— What you have to do —
Pictures in the data should be dropped; transcribe exactly the lines from the one that has "Used 2024 Mercedes-Benz" through the one that has "Zapatos zueco Clarks".

[[ Data extracts open ]]

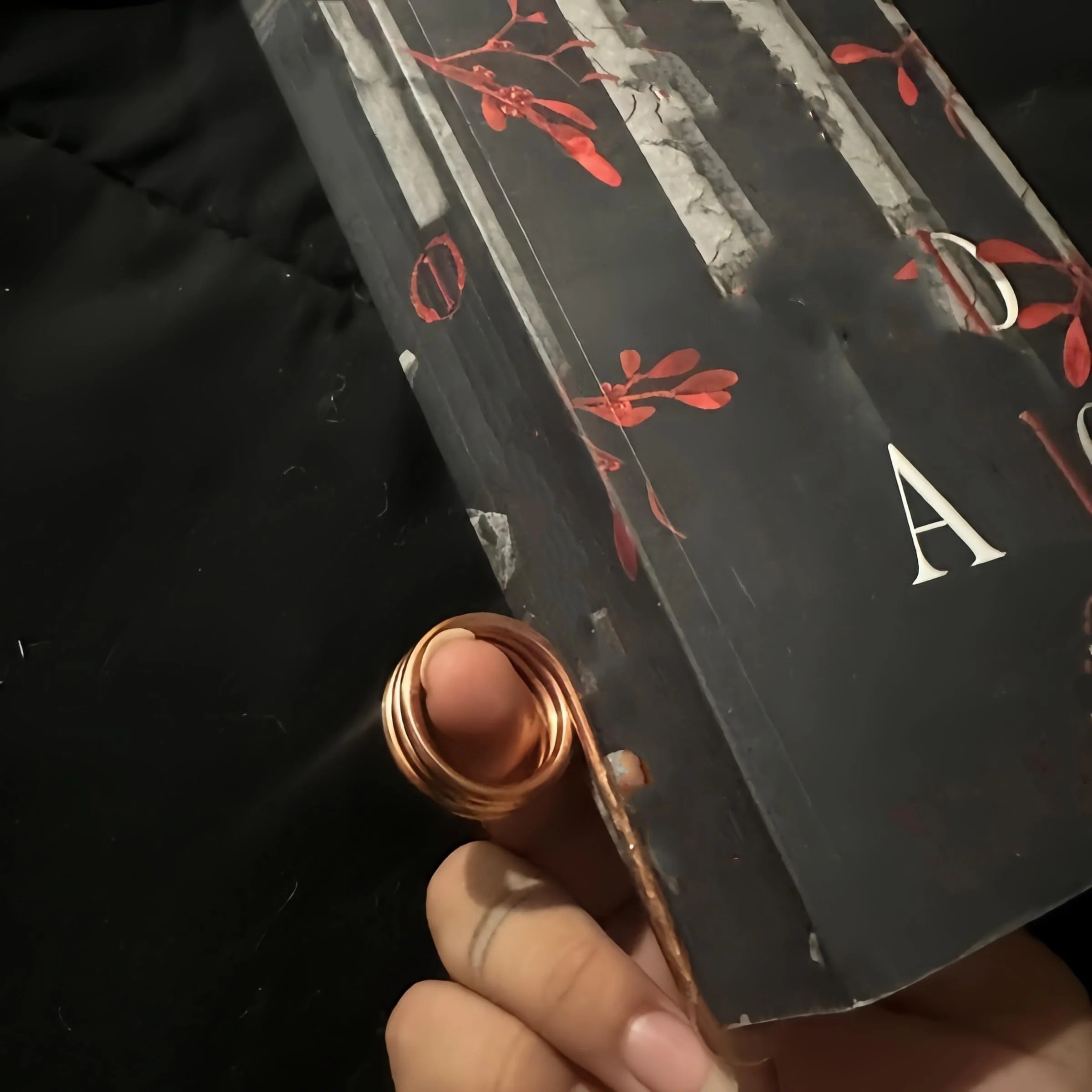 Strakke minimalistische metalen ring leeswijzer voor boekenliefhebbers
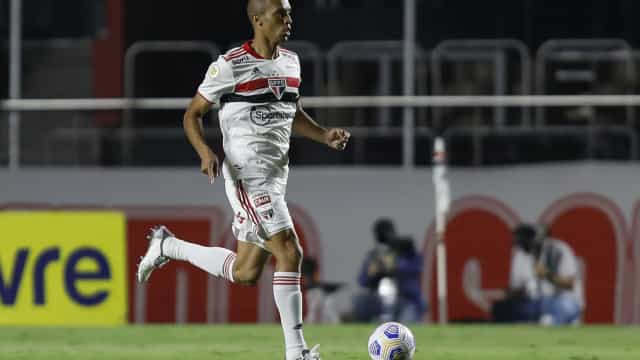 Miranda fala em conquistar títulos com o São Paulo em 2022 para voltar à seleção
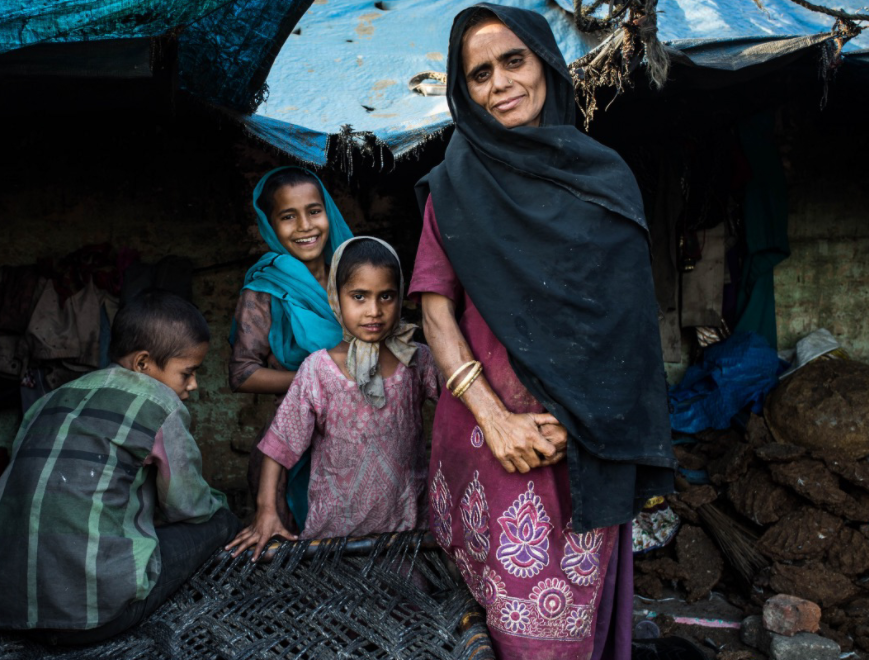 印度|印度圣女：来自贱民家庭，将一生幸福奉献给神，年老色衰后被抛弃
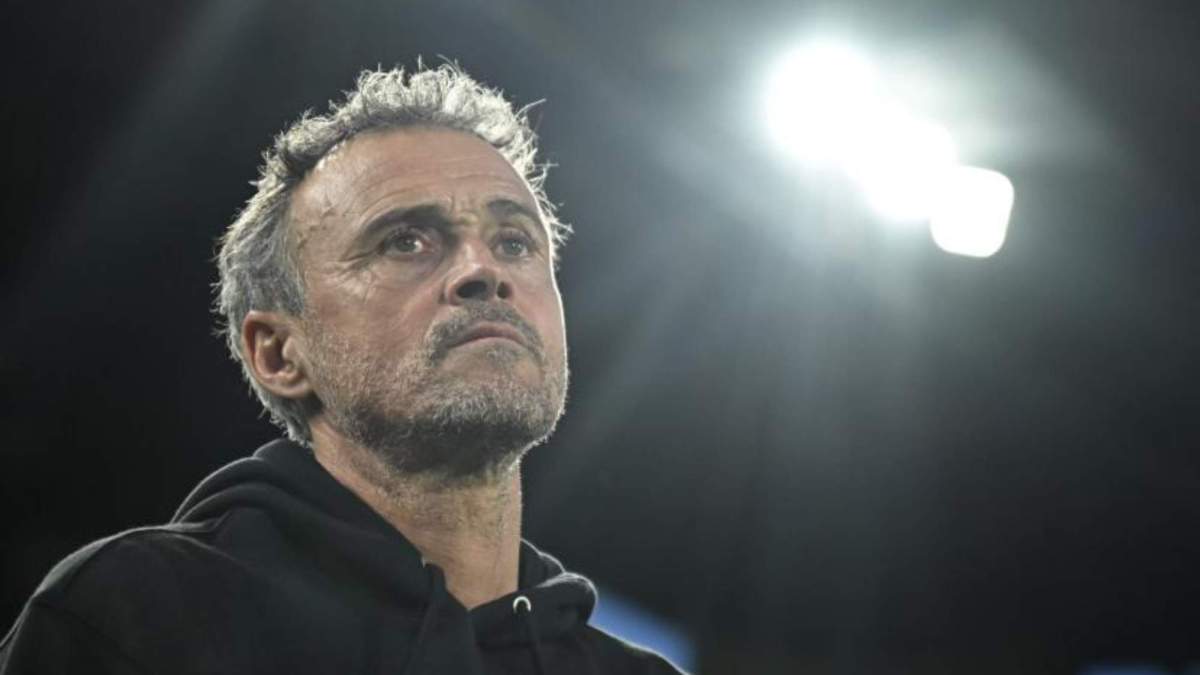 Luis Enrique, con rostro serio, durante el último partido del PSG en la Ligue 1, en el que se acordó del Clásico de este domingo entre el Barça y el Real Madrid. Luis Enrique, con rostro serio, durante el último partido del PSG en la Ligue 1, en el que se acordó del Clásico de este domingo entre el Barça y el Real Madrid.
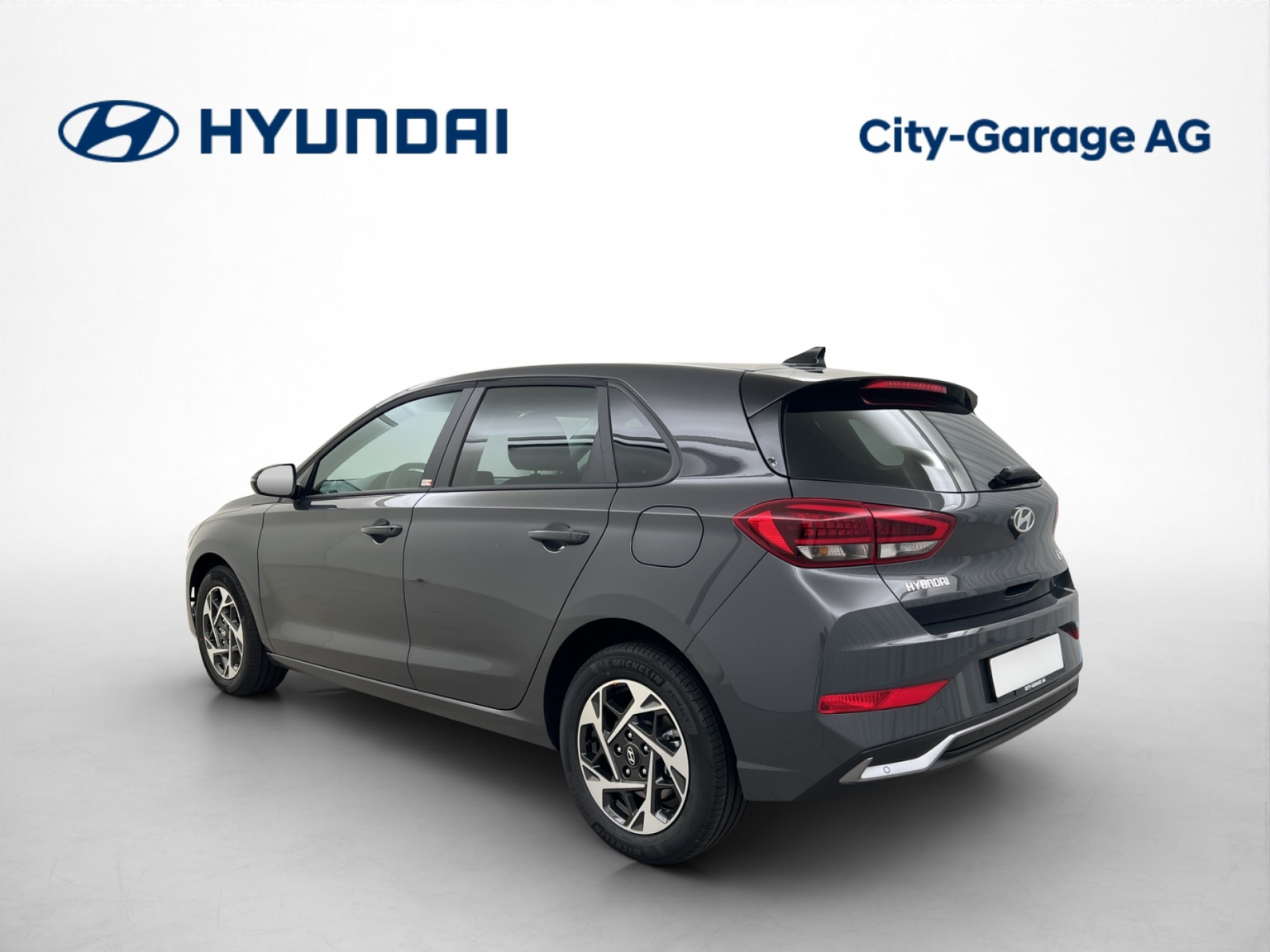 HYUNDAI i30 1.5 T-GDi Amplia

[[ Data extracts closed ]]
[[ Data extracts open ]]

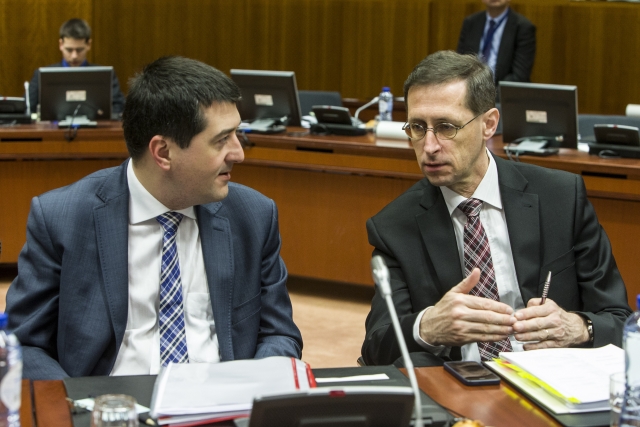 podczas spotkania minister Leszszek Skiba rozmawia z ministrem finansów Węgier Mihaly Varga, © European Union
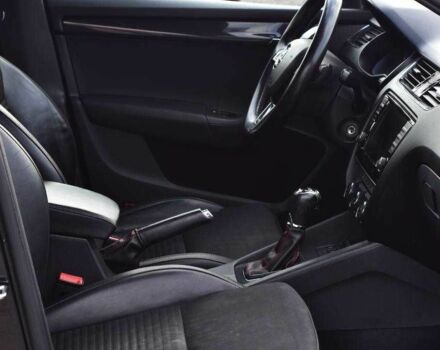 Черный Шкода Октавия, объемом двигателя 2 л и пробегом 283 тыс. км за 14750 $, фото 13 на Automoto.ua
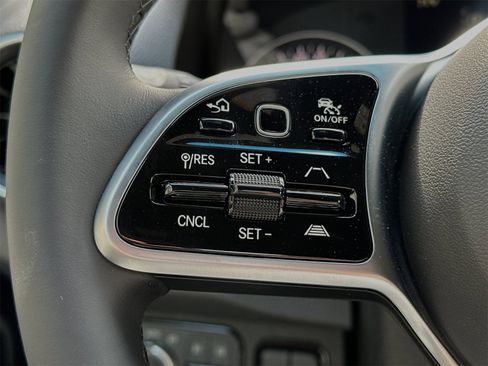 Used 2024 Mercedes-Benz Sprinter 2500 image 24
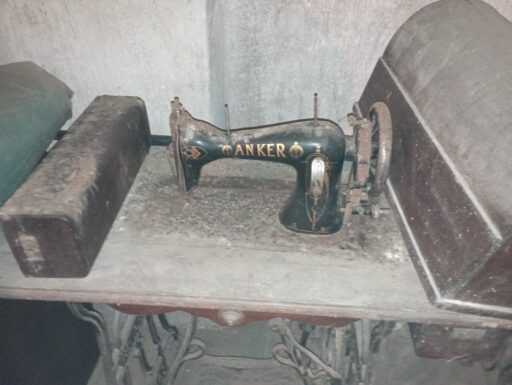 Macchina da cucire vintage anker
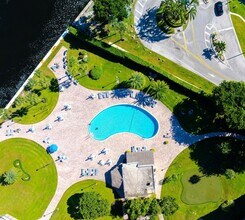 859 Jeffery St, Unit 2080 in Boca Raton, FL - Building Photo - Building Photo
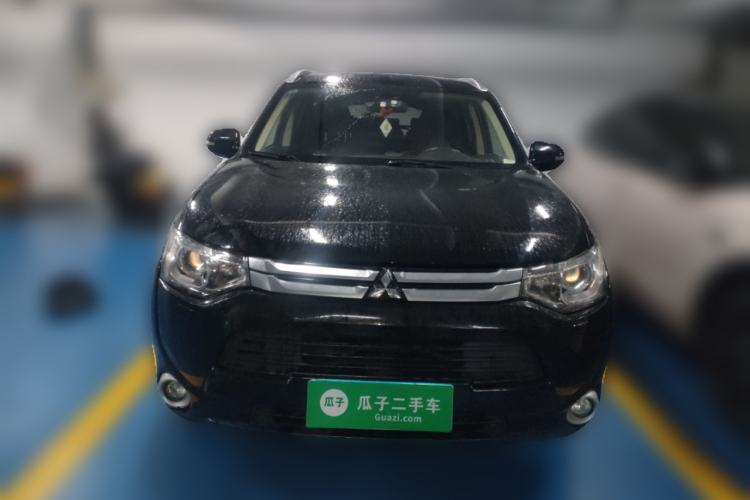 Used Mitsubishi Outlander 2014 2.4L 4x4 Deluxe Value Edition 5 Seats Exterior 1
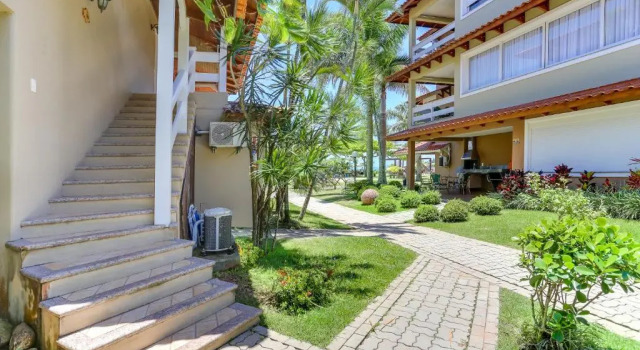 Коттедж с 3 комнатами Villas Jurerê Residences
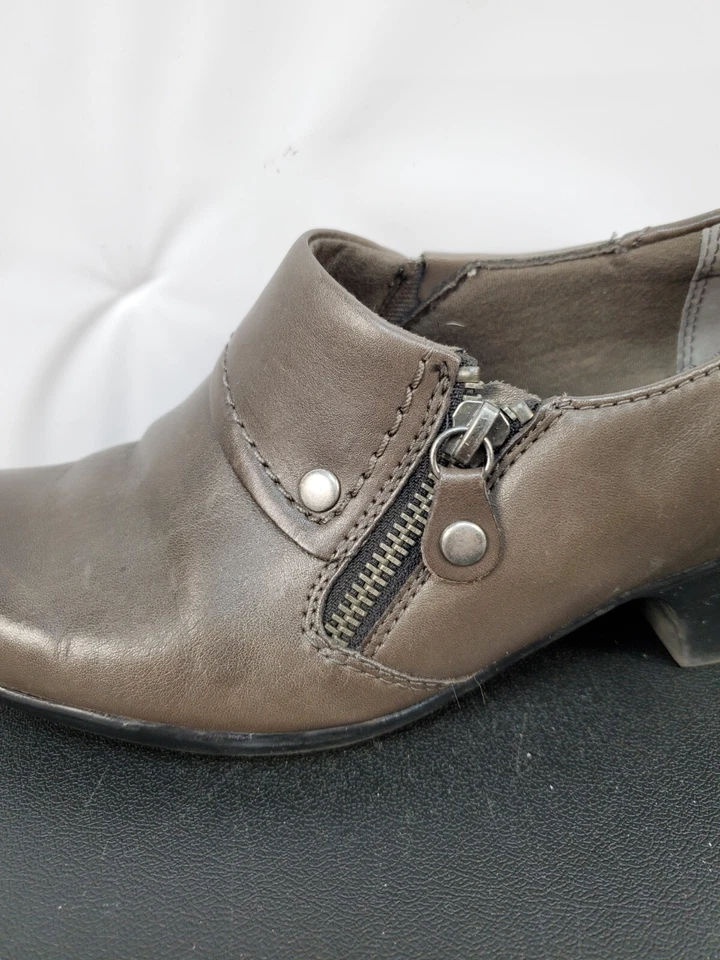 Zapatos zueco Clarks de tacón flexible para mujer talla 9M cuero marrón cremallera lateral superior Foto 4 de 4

[[ Data extracts closed ]]
[[ Data extracts open ]]

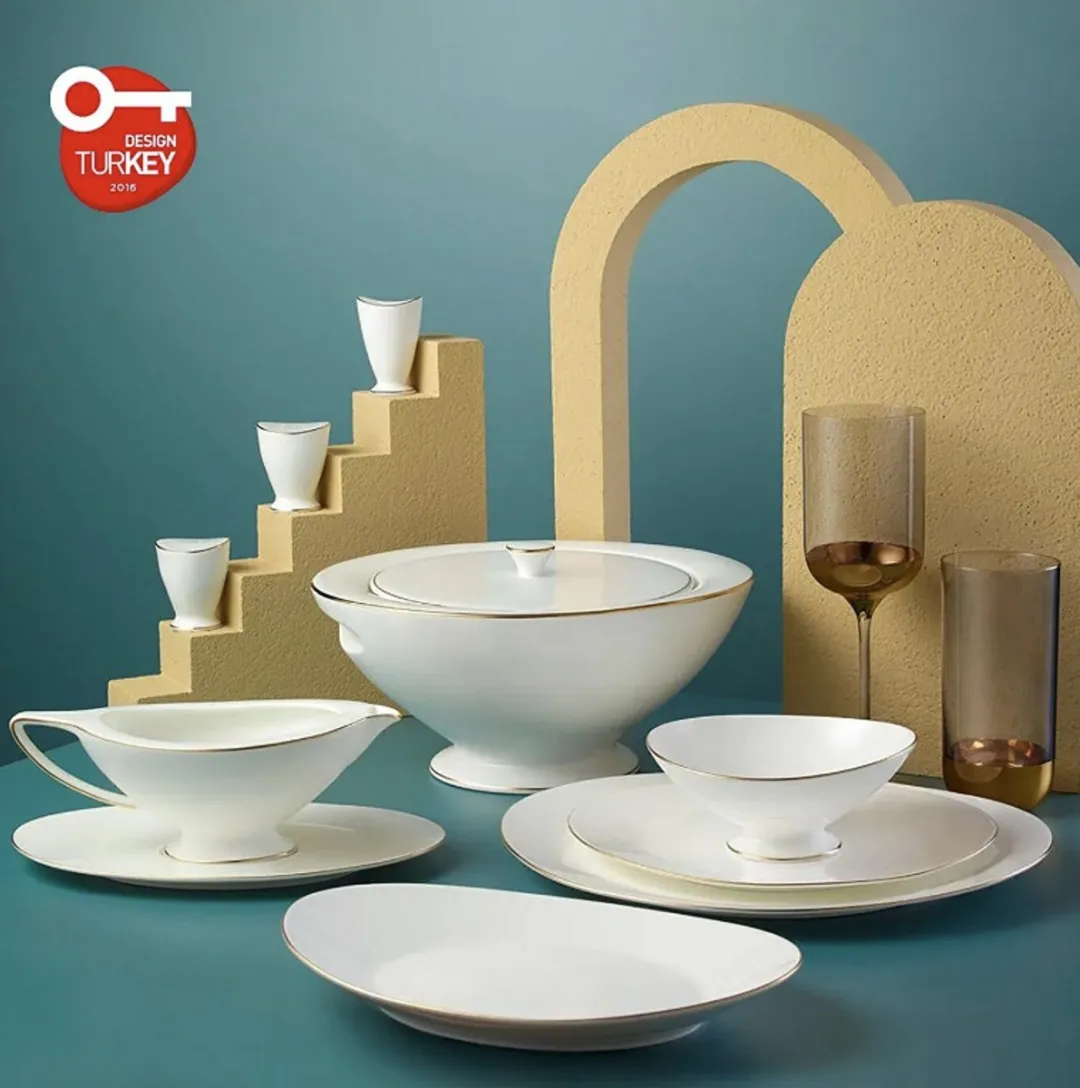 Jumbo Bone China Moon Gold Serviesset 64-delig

[[ Data extracts closed ]]

— Result of the exercise —
 Used 2024 Mercedes-Benz Sprinter 2500 image 24
 Macchina da cucire vintage anker
 859 Jeffery St, Unit 2080 in Boca Raton, FL - Building Photo - Building Photo
 Used Mitsubishi Outlander 2014 2.4L 4x4 Deluxe Value Edition 5 Seats Exterior 1
 Коттедж с 3 комнатами Villas Jurerê Residences
 Zapatos zueco Clarks de tacón flexible para mujer talla 9M cuero marrón cremallera lateral superior Foto 4 de 4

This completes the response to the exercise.